Is it that Americans no longer care about this sort of thing? Are we so dumbed down as not to be able to see that there is no justifiable logic behind the killing, maiming and destruction, even assuming the professed goals in Afghanistan are the real ones - a dubious assumption indeed.

Facades of Empire

Washington's present course in Central Asia can be much more logically understood if the real goals of the violence are to achieve what an empire requires in terms of military bases, natural resources, strategic interests and further enrichment of the super-wealthy.

This is to explain, not to defend. And, in case you're wondering, my view is that these goals are both morally indefensible and unachievable in the longer run.

Combine them, however, with back-home political interests - Democrats fearful of being called out by Republicans and the Right as weak on defense and soft on terror - and you have a better sense of why the Afghan War drags on.

Americans have been generally inclined to give the government and its official explanation for war the benefit of the doubt - but only for so long. Many are now coming around to the realization they've been had.

According to a CNN/Opinion Research Corporation survey of Americans conducted from Dec. 17 to 19 (immediately after Obama's public reassurances), 63 percent of the respondents expressed opposition to U.S. involvement in Afghanistan - an all-time high.

For those who think Afghan opinion also matters, recent polling conducted by the BBC, ABC, and other news organizations shows that, in provinces where there is the most fighting, the proportion of people approving of attacks on U.S. troops has risen from 12 to 40 percent in the last year.

Since Gen.

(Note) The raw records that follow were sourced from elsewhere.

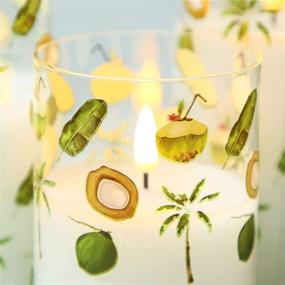 img 1 attached to 🕯️ Enhance Your Christmas Home Decor with Eywamage Flameless Glass Candles - Set of 3 Remote-Controlled Flickering LED Green Decorative Candles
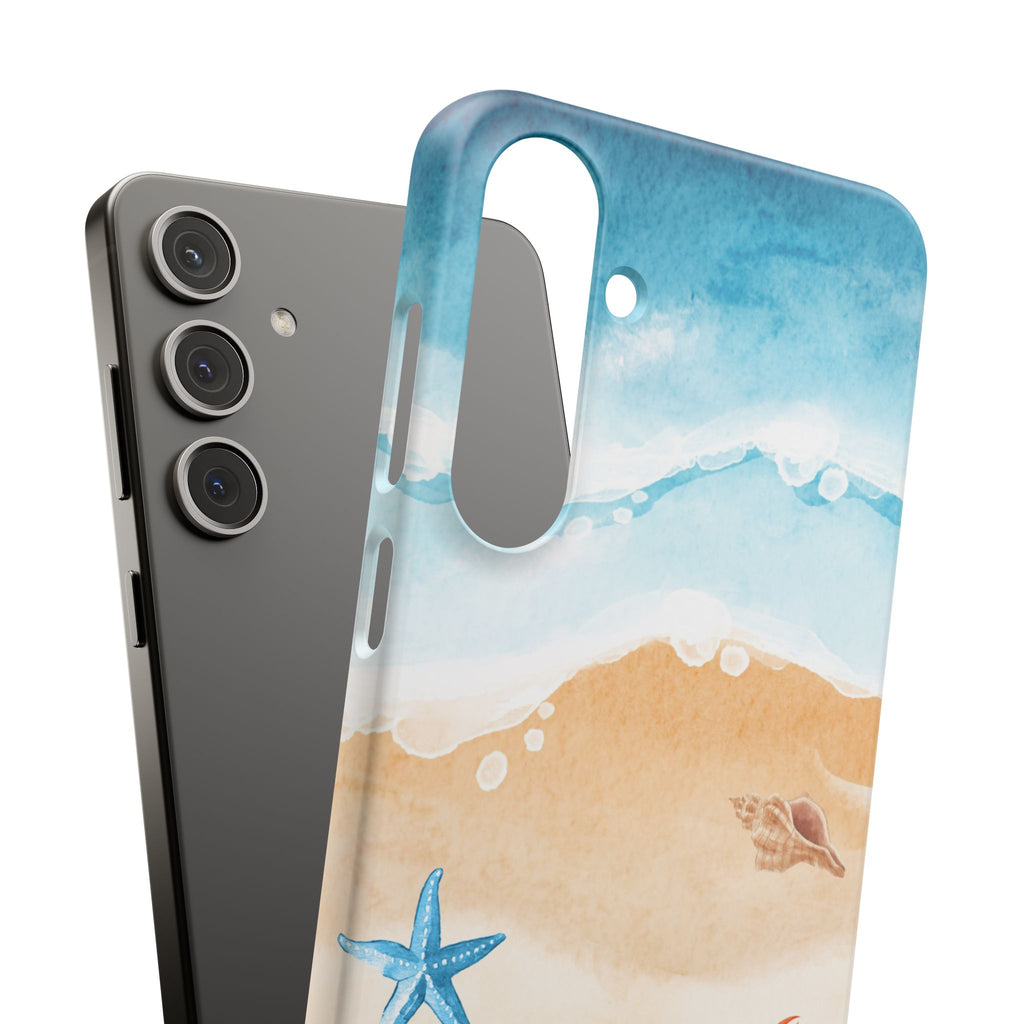 Beach Scene Phone Case — Watercolor Sand, Seashells & Crabs
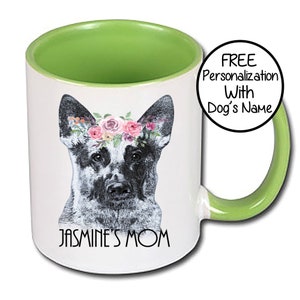 Custom German Shepherd mug, ceramic mug, German Shepherd mom, two toned mug, customize with your dog's name here, GSD lover gift, GSD mama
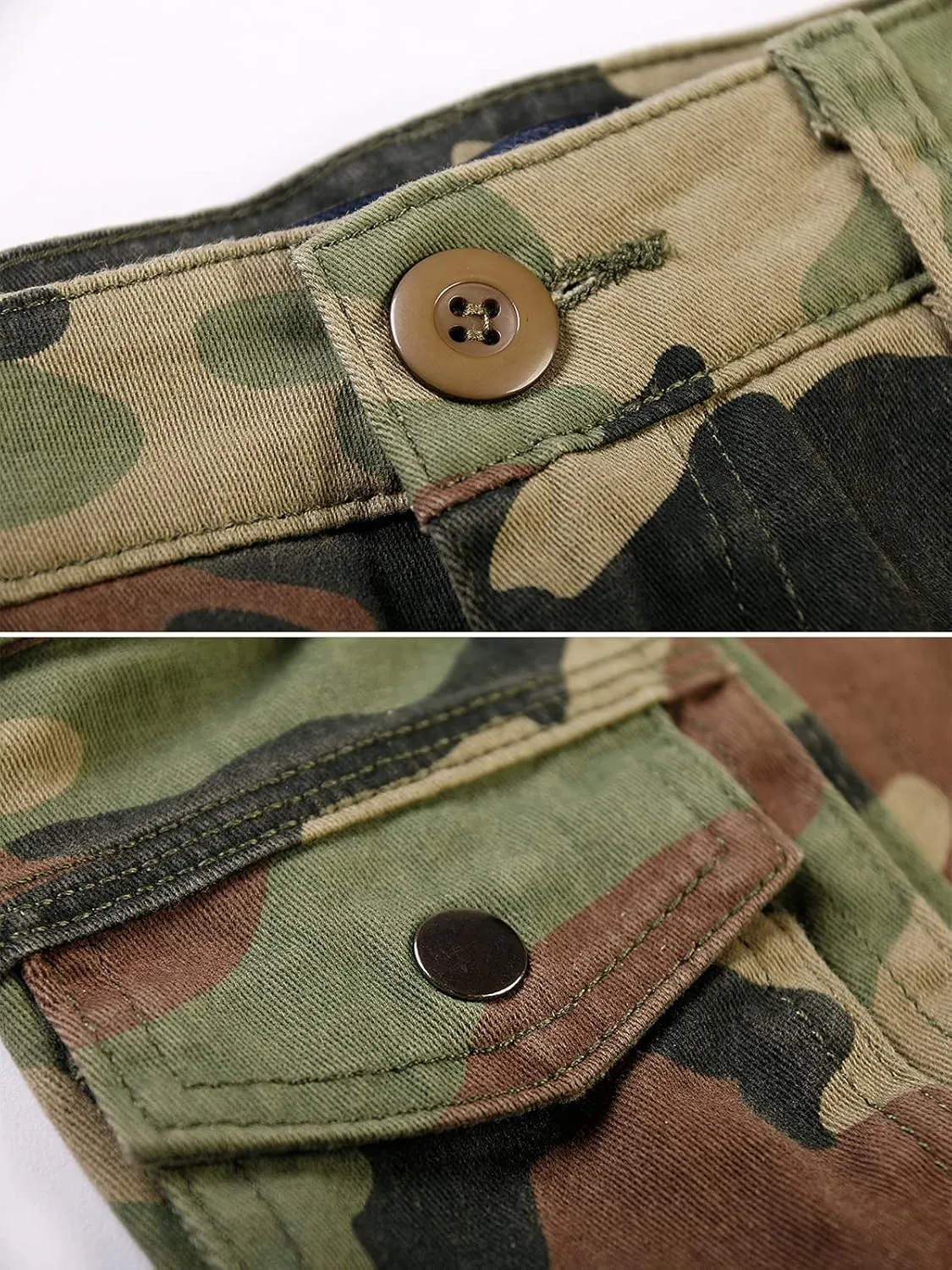 OCHENTA Women's Casual Multi-Pockets Bermuda Cargo Shorts Camo Knee Length Summer Hiking Shorts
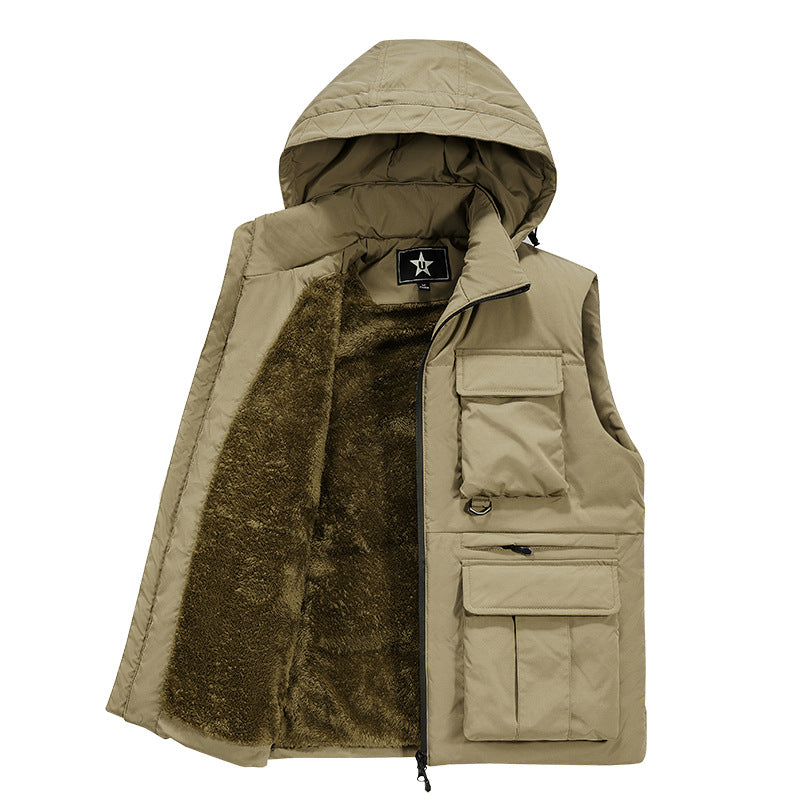 Men's Insulated Utility Vest with Hood, Teddy Lining and Multi-Functional Pockets Chichicherry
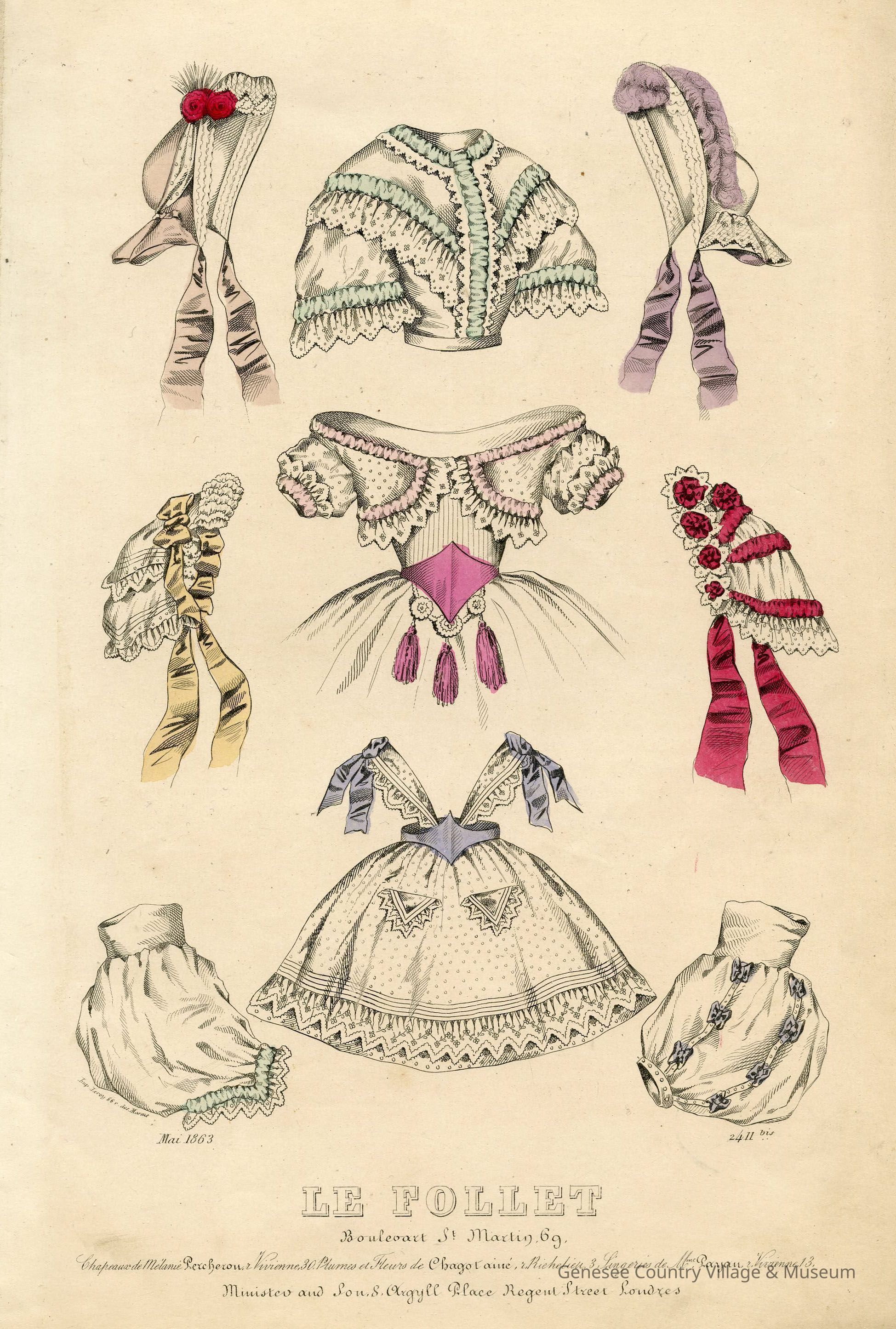 2 Bodices, Girls' Pinafore, 2 Bonets, 2 Caps, 2 Undersleeves picture number 1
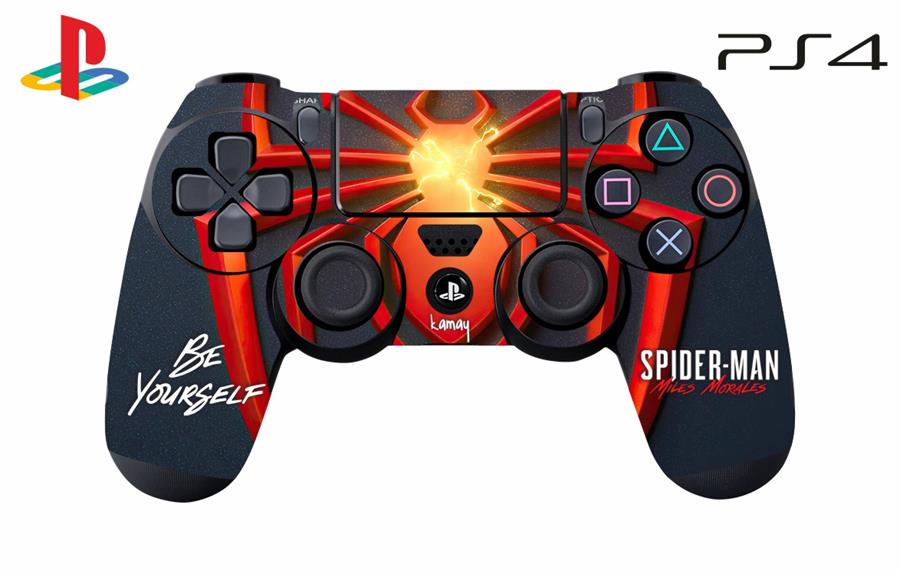 SKIN PARA JOYSTICK PS4 - SPIDERMAN MILES MORALES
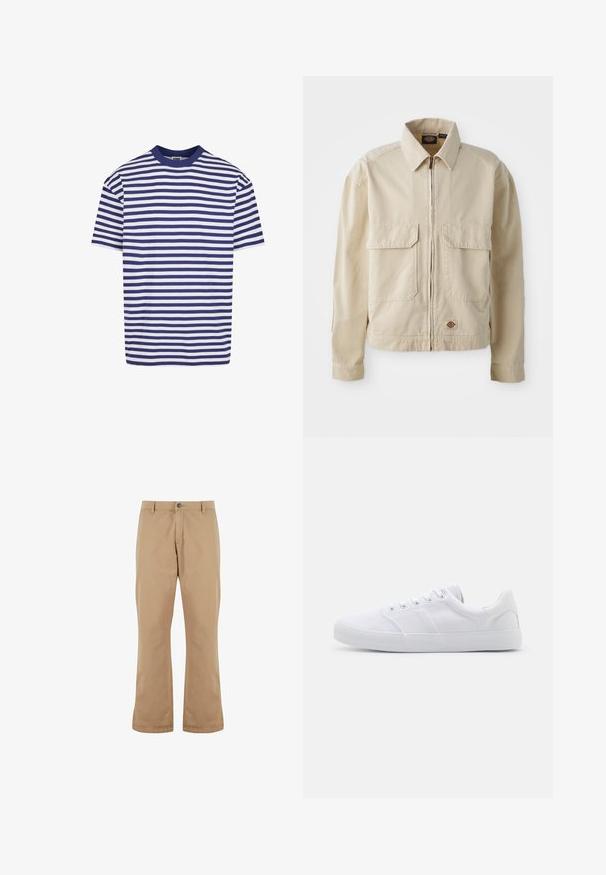 Beige, lichtgewicht jack met een rits aan de voorkant, twee borstzakken en een klein logo aan de onderrand. Gemaakt van duurzaam katoen.; Korte mouwen gestreept t-shirt met marineblauwe en witte horizontale strepen, ronde hals, relaxed fit en zachte katoenen stof.; Beige katoenen broek met een rechte snit, voorzien van een knoopsluiting, zijzakken en een gladde textuur.; Witte canvas sneakers met een rubberen zool, voorzien van zes oogjes, een gestructureerde neuskap en een minimalistisch ontwerp.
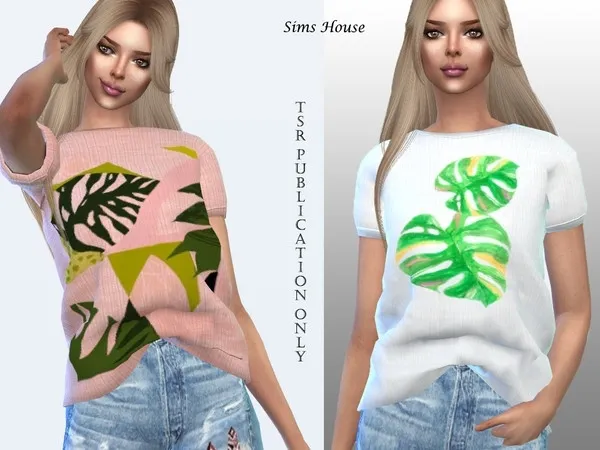 Maxis Match Sulani print t shirt for women tucked in front - The Sims 4 Custom Content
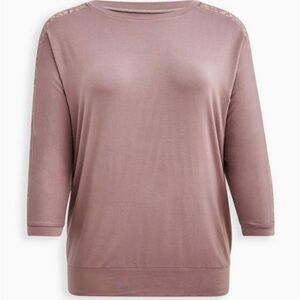 Torrid Super Soft Lace Inset Sleeve Dolman Top size 2X NEW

Petraeus loves metrics for gauging the progress of his counterinsurgency strategies, he might want to put those numbers into one of his PowerPoint displays about his success at winning hearts and minds.

As Harry Truman was fond of saying, most of us were "not born yesterday." Those able to think outside the Fox box can discern when artificial alliteration and dubious logic masquerade as articulation of sound policy.

Congressional Hearings?

It may take a couple of run-throughs of this background, but Americans are inclined to "dis" (to use inner-city vernacular) artifices like "disrupt, dismantle, defeat" as empty slogans hiding a lamentable lack of cogent thinking.

I find myself asking, a la John Kerry before he let the imperial Establishment do a lobotomy cutting the connection to the Vietnam file in his brain, "How do you ask a man to be the last man to die for a mistake?"

Maybe it is too much to expect today's John Kerry to do better than his timorous predecessor as chair of the Senate Foreign Relations Committee, Vice President Joe Biden.

In the run-up to President George W. Bush's invasion of Iraq, Biden caved in to strong White House pressure and staged faux hearings featuring the kind of "experts" who predicted that an invasion of WMD-laden Iraq would be a "cakewalk," and shunning those of us predicting catastrophe.

Et tu, John? One can always pray for miracles, but the current Foreign Relations Committee chairman appears to be the same empty shirt who let himself be persuaded by his handlers in the 1990s that his dreams for political advancement required making peace with the Establishment.

Sadly, it's almost impossible to envision Kerry converting back to the more courageous politician of his early days in the U.S. Senate when he challenged the Reagan administration's foreign policy, let alone to the gutsy young Navy officer who in 1971 confronted the same committee he now chairs.